__YOUR TASK__
Once the line containing "Dainty Gold Venus" has been written out, stop; until then, restate each line of the entries below word for word from the first.

__INPUT DATA__
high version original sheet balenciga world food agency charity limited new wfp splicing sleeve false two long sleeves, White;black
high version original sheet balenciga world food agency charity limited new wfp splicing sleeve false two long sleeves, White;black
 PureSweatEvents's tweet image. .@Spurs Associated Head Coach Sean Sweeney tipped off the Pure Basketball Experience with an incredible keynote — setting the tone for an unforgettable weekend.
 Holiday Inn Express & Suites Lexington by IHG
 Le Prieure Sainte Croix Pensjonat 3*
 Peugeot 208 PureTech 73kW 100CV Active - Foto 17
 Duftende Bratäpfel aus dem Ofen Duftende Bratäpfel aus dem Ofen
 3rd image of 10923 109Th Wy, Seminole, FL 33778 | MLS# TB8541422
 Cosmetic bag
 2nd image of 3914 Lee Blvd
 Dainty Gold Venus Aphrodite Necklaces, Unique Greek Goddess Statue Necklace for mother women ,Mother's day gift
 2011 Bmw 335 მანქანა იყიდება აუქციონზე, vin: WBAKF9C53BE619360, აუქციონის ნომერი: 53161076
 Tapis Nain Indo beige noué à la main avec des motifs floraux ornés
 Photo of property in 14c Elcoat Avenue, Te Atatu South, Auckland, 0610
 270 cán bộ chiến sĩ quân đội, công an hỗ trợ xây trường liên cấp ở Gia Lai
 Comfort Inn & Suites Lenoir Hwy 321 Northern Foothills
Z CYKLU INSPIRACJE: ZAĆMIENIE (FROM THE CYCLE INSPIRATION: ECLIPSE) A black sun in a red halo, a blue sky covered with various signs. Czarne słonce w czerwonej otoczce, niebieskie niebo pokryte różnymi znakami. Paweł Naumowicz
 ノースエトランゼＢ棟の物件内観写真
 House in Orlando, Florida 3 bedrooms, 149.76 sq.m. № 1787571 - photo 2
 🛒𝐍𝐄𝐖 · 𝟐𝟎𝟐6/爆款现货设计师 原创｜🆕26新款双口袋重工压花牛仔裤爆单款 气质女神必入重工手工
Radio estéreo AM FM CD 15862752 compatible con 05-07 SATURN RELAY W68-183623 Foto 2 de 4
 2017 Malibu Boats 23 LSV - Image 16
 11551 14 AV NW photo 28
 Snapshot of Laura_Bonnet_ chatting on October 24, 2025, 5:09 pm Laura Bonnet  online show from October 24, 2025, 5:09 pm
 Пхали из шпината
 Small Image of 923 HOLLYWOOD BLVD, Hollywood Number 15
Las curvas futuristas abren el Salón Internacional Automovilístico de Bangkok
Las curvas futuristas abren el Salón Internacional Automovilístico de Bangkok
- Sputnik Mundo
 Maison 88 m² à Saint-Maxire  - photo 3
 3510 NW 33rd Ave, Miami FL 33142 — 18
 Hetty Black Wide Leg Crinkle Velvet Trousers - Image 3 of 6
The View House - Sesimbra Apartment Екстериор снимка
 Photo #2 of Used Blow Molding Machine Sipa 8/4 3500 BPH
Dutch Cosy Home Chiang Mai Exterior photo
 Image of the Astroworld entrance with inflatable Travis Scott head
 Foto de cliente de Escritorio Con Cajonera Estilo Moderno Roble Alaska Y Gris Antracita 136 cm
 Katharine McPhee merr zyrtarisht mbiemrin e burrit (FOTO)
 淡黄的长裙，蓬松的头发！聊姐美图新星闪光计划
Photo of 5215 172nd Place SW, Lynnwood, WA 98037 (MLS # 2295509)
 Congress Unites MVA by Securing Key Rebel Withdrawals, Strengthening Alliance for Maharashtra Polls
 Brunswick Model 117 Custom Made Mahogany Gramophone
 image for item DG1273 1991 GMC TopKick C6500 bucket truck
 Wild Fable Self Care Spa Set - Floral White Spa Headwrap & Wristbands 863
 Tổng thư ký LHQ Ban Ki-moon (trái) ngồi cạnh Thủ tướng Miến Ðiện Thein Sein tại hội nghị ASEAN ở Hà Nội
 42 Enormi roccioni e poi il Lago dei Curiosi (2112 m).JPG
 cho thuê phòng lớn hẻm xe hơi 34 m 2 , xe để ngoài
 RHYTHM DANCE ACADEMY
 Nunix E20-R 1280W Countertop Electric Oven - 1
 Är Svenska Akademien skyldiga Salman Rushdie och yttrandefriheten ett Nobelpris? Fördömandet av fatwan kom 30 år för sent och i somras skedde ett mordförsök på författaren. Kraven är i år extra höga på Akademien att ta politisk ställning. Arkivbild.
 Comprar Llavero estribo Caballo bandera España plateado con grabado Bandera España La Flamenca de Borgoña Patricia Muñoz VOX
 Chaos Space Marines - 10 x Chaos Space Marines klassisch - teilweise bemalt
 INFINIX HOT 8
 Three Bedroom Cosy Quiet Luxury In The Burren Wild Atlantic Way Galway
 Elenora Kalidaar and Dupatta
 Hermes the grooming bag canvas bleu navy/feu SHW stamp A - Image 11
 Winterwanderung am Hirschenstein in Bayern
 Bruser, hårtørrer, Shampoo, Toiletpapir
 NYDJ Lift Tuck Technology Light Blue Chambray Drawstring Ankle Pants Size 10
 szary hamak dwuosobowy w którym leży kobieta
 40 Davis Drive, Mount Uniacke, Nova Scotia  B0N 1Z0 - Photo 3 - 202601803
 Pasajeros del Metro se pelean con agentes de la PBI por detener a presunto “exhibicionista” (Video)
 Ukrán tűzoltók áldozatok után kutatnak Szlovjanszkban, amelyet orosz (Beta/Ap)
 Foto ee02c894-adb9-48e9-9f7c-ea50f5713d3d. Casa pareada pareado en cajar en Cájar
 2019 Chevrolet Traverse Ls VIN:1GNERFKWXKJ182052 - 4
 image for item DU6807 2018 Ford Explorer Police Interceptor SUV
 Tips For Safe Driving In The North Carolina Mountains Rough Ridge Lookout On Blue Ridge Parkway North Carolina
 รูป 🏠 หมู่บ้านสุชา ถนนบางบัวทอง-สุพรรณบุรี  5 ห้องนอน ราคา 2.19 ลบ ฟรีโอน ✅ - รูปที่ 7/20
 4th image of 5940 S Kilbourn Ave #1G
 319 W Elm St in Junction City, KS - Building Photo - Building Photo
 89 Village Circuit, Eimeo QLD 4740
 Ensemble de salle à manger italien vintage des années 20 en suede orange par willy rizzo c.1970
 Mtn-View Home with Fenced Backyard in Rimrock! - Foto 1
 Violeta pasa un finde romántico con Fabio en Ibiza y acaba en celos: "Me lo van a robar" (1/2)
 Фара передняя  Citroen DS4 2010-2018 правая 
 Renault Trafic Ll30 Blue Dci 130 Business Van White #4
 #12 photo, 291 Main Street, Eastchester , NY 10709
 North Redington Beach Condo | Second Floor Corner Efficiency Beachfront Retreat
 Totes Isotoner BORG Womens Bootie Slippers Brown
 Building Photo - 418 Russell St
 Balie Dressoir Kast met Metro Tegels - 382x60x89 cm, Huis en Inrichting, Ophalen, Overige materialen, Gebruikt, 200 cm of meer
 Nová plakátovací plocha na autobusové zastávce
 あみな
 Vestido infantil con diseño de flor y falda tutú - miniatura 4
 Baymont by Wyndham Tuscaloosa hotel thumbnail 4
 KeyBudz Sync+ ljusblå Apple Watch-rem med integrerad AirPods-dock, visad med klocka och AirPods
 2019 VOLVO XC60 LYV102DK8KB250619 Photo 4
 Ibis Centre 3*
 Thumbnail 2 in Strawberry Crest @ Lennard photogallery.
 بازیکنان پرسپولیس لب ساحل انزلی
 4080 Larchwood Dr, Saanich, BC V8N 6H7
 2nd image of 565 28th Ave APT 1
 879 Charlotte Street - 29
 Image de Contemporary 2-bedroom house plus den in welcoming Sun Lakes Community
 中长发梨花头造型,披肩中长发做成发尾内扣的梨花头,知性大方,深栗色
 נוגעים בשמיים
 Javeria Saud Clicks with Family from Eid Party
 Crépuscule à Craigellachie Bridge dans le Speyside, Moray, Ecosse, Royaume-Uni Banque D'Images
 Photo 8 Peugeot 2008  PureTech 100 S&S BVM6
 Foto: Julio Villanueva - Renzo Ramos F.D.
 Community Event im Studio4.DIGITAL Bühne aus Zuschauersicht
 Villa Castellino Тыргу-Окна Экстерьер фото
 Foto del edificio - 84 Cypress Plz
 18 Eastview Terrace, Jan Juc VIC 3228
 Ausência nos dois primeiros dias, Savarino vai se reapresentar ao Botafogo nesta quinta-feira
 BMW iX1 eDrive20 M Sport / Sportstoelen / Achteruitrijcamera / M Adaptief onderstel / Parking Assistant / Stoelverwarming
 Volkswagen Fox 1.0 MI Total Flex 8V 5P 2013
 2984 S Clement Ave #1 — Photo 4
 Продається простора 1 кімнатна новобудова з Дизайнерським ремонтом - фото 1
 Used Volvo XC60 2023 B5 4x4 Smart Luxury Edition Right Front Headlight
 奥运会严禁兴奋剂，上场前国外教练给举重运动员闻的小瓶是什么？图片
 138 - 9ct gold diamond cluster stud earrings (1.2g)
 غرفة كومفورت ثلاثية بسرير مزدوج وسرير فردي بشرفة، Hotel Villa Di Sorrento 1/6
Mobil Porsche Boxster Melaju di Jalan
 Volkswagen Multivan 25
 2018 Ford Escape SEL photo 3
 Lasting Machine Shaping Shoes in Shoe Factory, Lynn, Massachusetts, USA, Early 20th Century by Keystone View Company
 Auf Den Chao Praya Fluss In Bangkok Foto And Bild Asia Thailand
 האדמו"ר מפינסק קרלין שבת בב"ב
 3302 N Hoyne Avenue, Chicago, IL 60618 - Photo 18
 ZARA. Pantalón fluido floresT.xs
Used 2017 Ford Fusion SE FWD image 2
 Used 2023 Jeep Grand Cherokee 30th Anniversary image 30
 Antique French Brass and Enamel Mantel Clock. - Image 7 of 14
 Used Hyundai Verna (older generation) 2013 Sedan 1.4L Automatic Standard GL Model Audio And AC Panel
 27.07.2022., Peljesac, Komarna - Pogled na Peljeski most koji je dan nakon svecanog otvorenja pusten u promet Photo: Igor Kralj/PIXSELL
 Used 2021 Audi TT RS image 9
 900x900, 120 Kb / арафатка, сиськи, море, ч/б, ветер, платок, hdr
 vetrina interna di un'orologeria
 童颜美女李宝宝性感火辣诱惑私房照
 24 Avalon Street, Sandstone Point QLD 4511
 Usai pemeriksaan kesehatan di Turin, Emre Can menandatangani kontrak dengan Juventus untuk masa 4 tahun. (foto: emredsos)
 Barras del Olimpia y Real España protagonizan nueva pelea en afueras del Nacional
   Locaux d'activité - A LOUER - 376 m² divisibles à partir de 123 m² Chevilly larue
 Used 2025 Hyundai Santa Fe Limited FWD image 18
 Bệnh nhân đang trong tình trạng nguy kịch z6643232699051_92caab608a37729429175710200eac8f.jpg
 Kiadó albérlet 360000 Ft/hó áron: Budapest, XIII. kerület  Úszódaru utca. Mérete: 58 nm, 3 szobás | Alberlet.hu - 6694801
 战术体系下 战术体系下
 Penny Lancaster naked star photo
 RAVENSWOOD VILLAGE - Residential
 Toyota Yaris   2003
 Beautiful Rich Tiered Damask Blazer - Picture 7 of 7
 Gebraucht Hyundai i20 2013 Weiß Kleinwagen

__RESPONSE BOX__
high version original sheet balenciga world food agency charity limited new wfp splicing sleeve false two long sleeves, White;black
high version original sheet balenciga world food agency charity limited new wfp splicing sleeve false two long sleeves, White;black
 PureSweatEvents's tweet image. .@Spurs Associated Head Coach Sean Sweeney tipped off the Pure Basketball Experience with an incredible keynote — setting the tone for an unforgettable weekend.
 Holiday Inn Express & Suites Lexington by IHG
 Le Prieure Sainte Croix Pensjonat 3*
 Peugeot 208 PureTech 73kW 100CV Active - Foto 17
 Duftende Bratäpfel aus dem Ofen Duftende Bratäpfel aus dem Ofen
 3rd image of 10923 109Th Wy, Seminole, FL 33778 | MLS# TB8541422
 Cosmetic bag
 2nd image of 3914 Lee Blvd
 Dainty Gold Venus Aphrodite Necklaces, Unique Greek Goddess Statue Necklace for mother women ,Mother's day gift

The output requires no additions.